Welcome to Cars and Guitars, our ongoing column where we match an iconic car with a popular song from back in the day. The key criteria are the song and the car must have debuted in the same year, at the peak of their fame and relevance. In this installment, we showcase the “Big Nose” 1971 Ford Mustang and Led Zeppelin’s “Stairway To Heaven.” Although we don’t have a crystal ball, we suspect every 1971 Mustang had “Stairway To Heaven” wafting from its speakers at one time or another.

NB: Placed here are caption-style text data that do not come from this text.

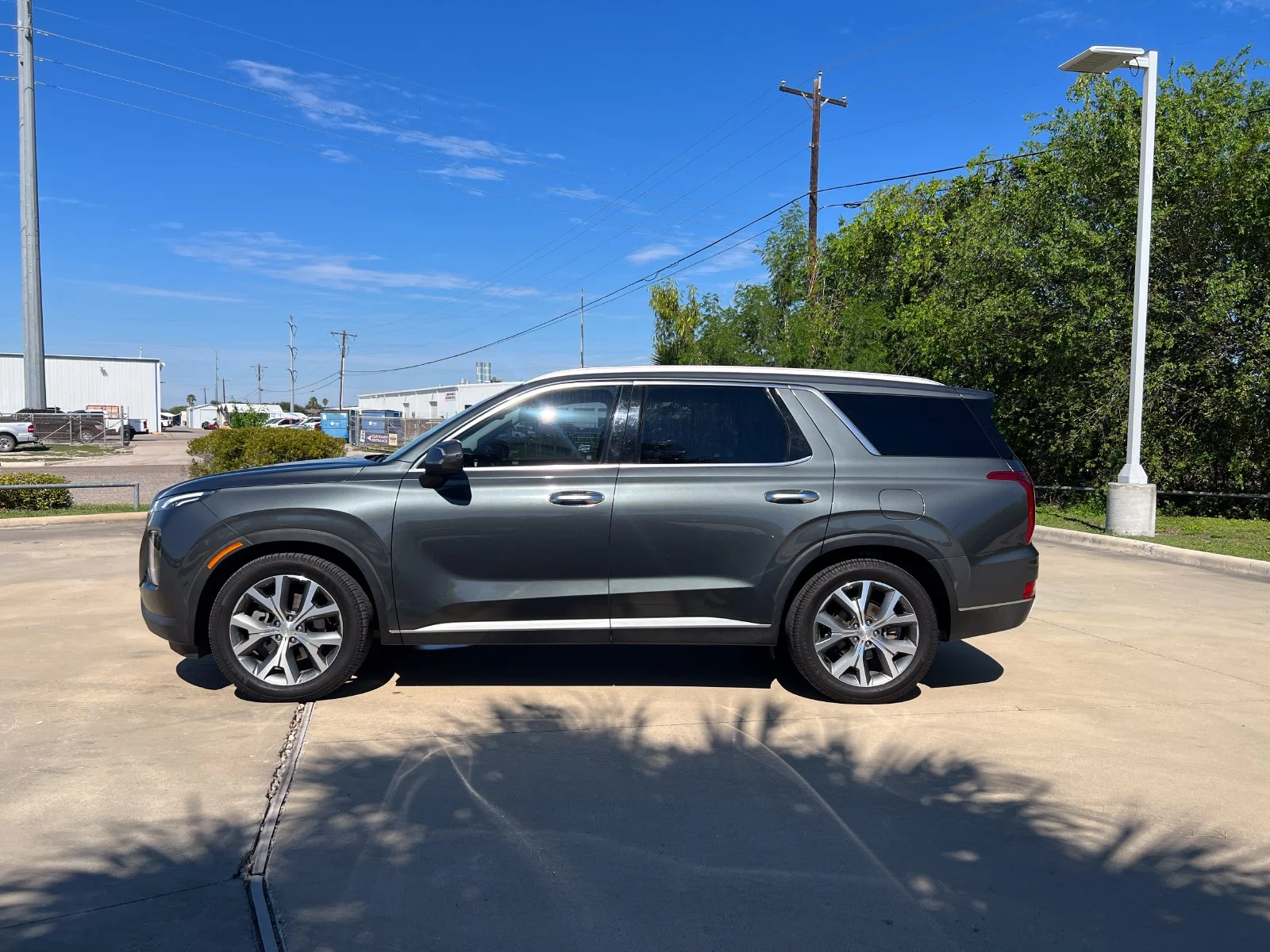Used 2022 Green Hyundai SEL image 2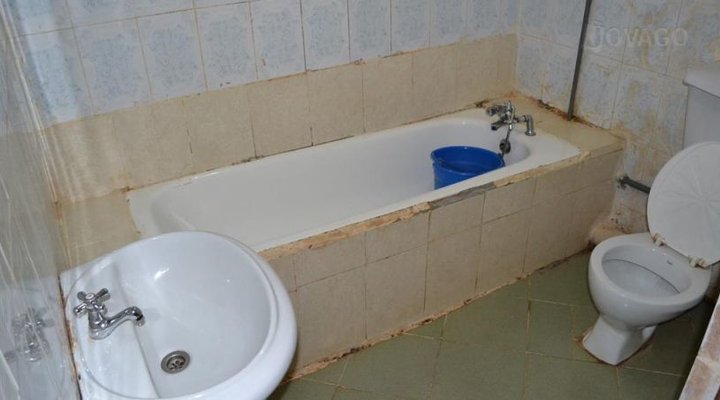 Fast Spring Hotel and Suite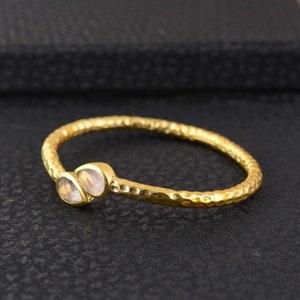 Quartz teardrop bracelet. Gold Bangle. Silver Bracelet. July Birthstone. Red Stone. Gift for woman. Gift for her. Bracelet. Wedding Gift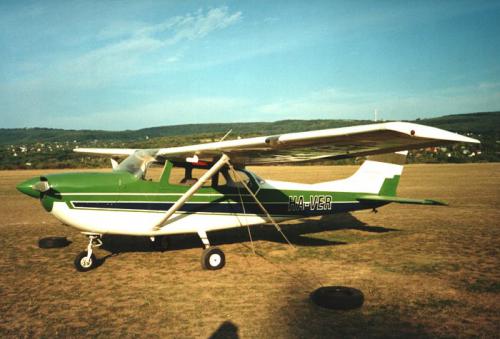 /userfiles/image/light/cessna175.jpg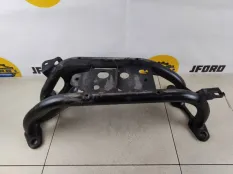 Кронштейн АКПП Land Rover Range Rover 4 2013 LR052331 L405 4.4 D 448DT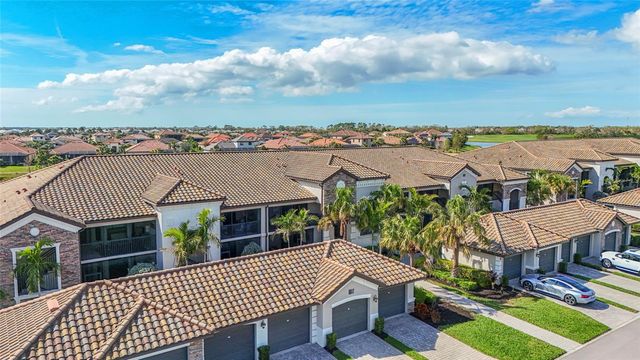 5517 PALMER CIRCLE 203, Bradenton, FL 34211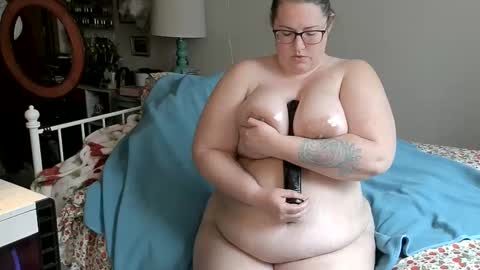 Snapshot of xxstrawberryjanexx chatting on March 2025 06:30:01 PM Strawberry Jane online show from March 2025 06:30:01 PM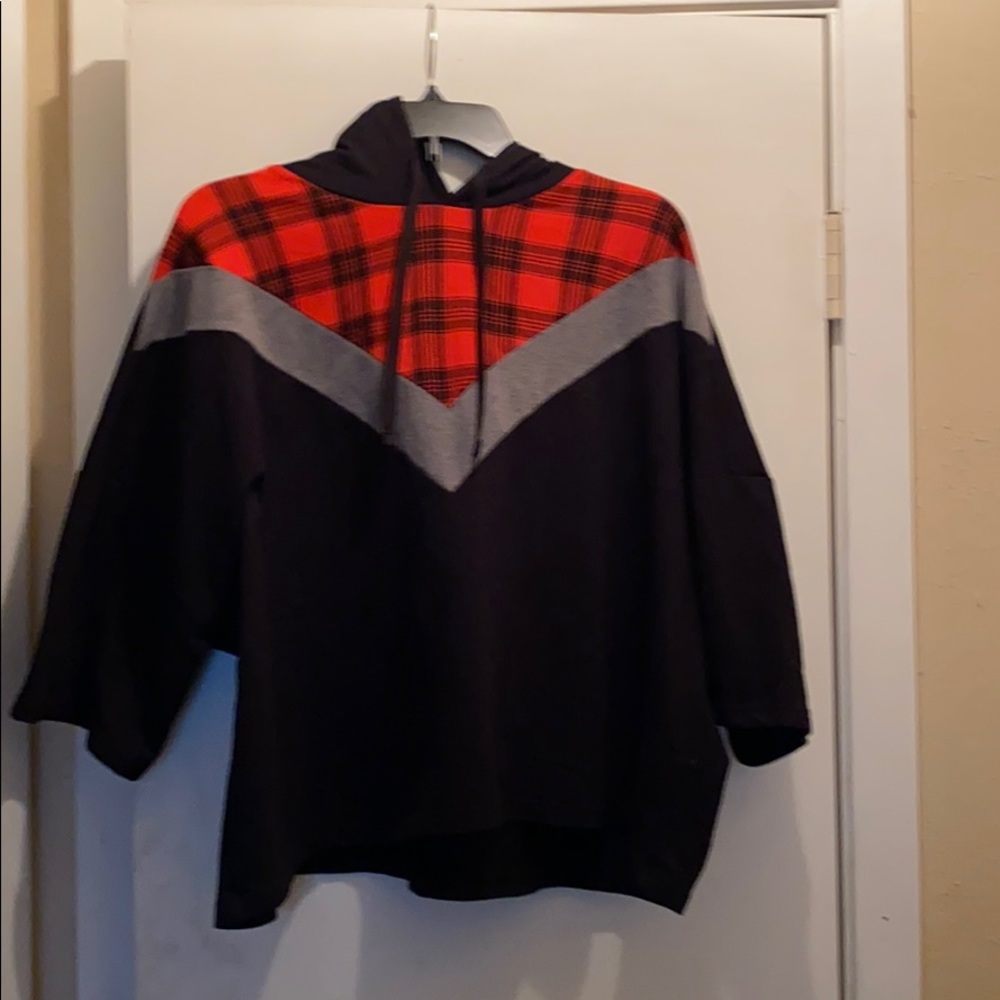 Women’s hoodie/poncho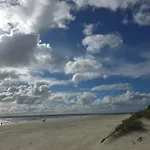 Seaside Oasis In - By Traum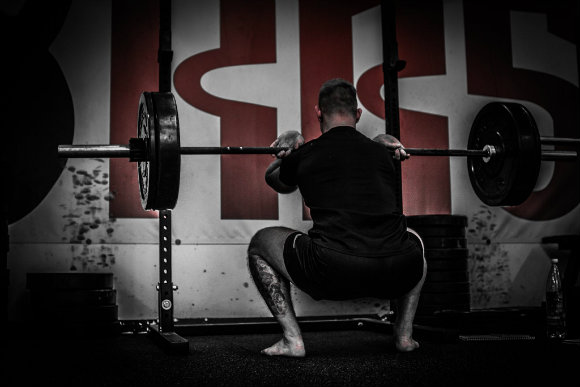 What You Need to Know About the Lats and Your Front Squat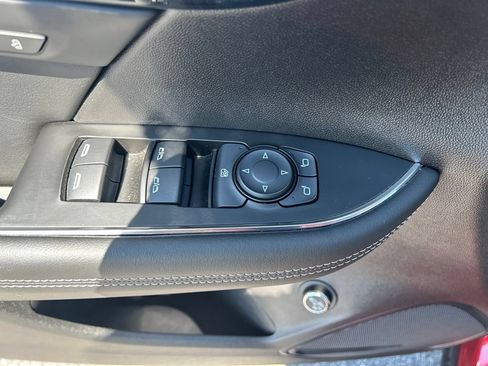 Used 2023 Buick Envision Essence FWD image 17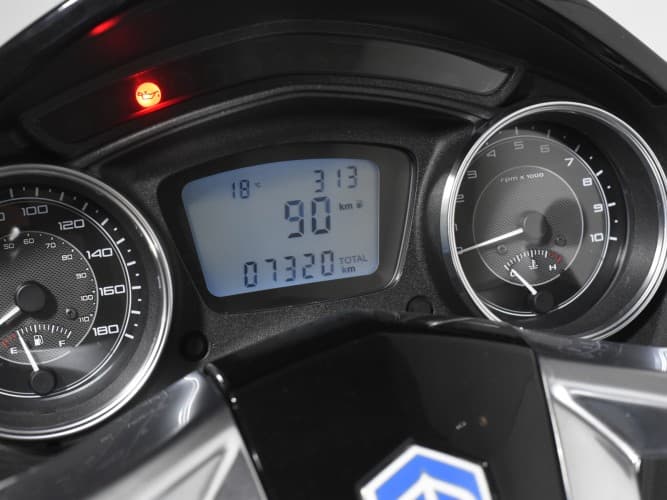 PIAGGIO X 10 125 2025 de segunda mano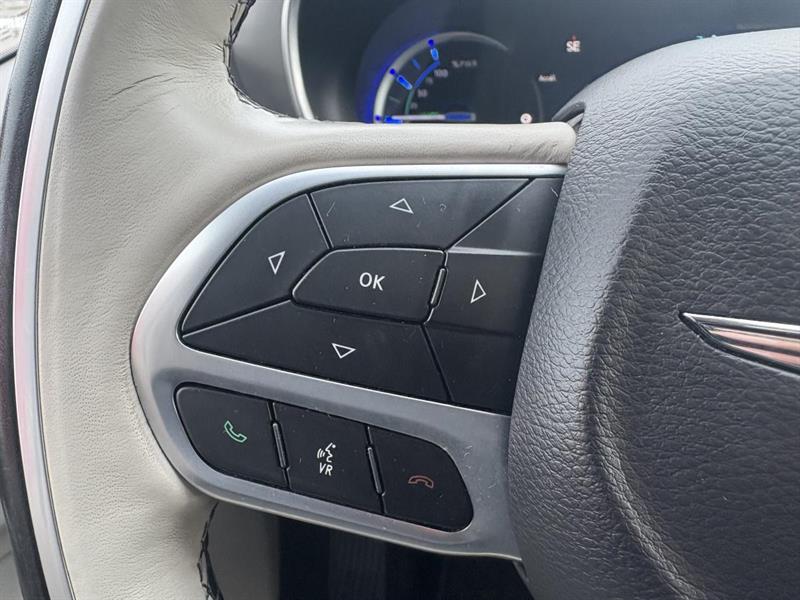 chrysler Pacifica Hybrid 2019 - 17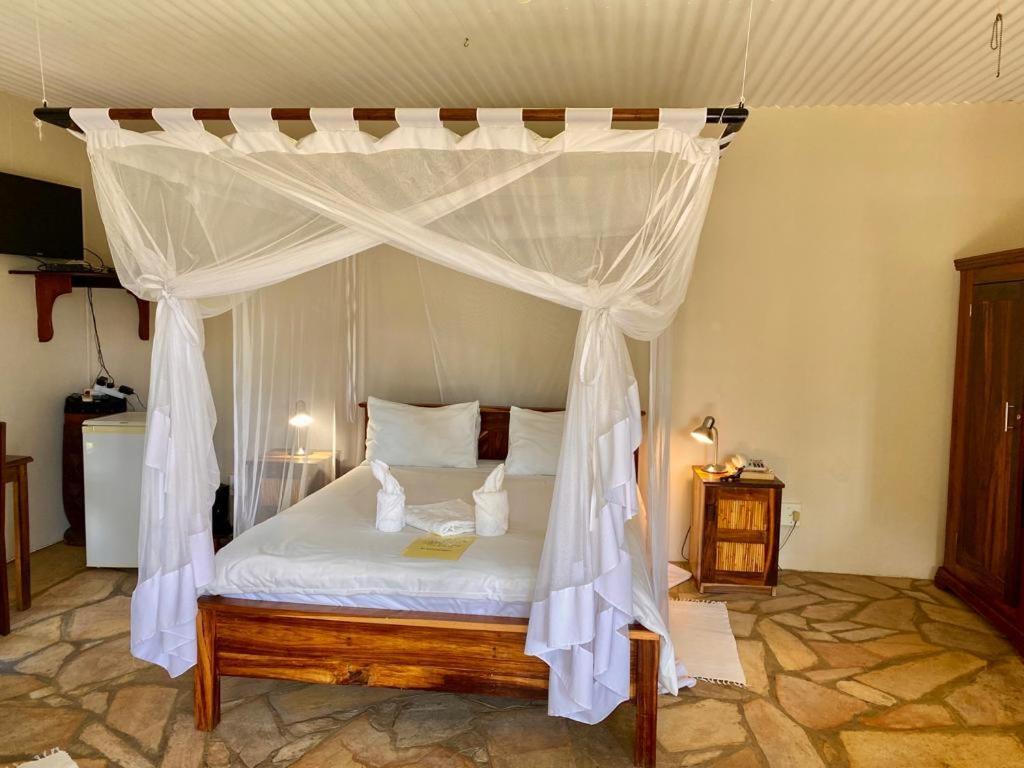 Tambuti Lodge Rundu Eksteriør billede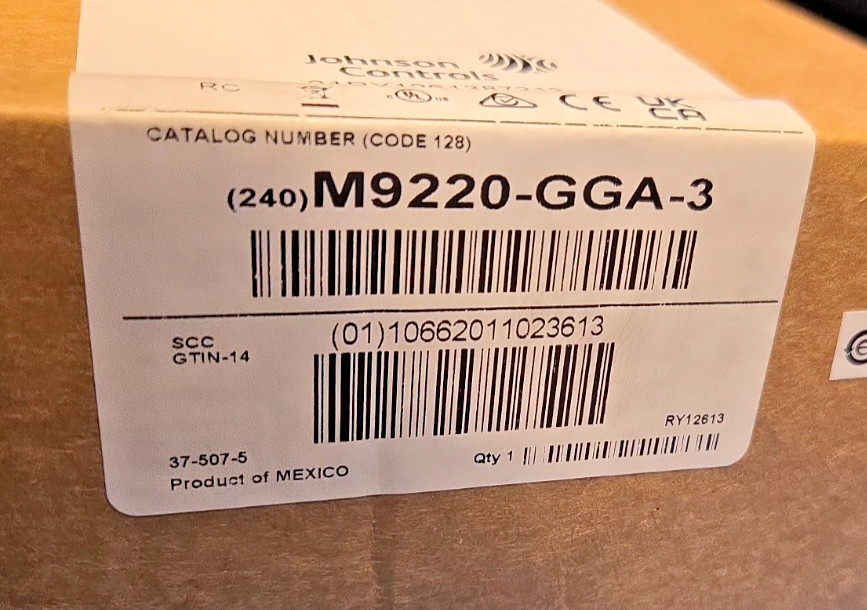 Johnson Controls M9220-GGA-3 Rotary Actuator 177in-lb Spring 24VAC/DC NEW SEALED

While choosing “Stairway” might seem a cliche and obvious choice, especially since 1971 is considered the greatest year of rock and roll, this era of Mustang and Zeppelin have much in common. Both were brash, bloated, and overwrought franchises that created a firestorm of controversy back in the day. Both soared too close to the sun and sadly, met their untimely demise.
Only after decades of reflection and debate, has the merit and significance of each entity been validated. Probably the best way to kick off this episode is with the backstory of “Stairway To Heaven.” Guitarist Jimmy Page, who fathered the song, walks us through the making of the eight-minute masterpiece in a video from the BBC. It’s a fascinating account of the origins of Zeppelin’s magnum opus, the finale from “Led Zeppelin IV” and a must-see.
Just as Jimmy Page was the patriarchal figure behind “Stairway,” the 1971 Ford Mustang was fathered by Ford’s “Bunkie” Knudsen. Little did either know they would be connected together here decades later. Knudsen oversaw the evolution of the Mustang from a lithe compact buggy to a bigger, heavier “personal luxury car,” following in the footsteps of the company’s Thunderbird.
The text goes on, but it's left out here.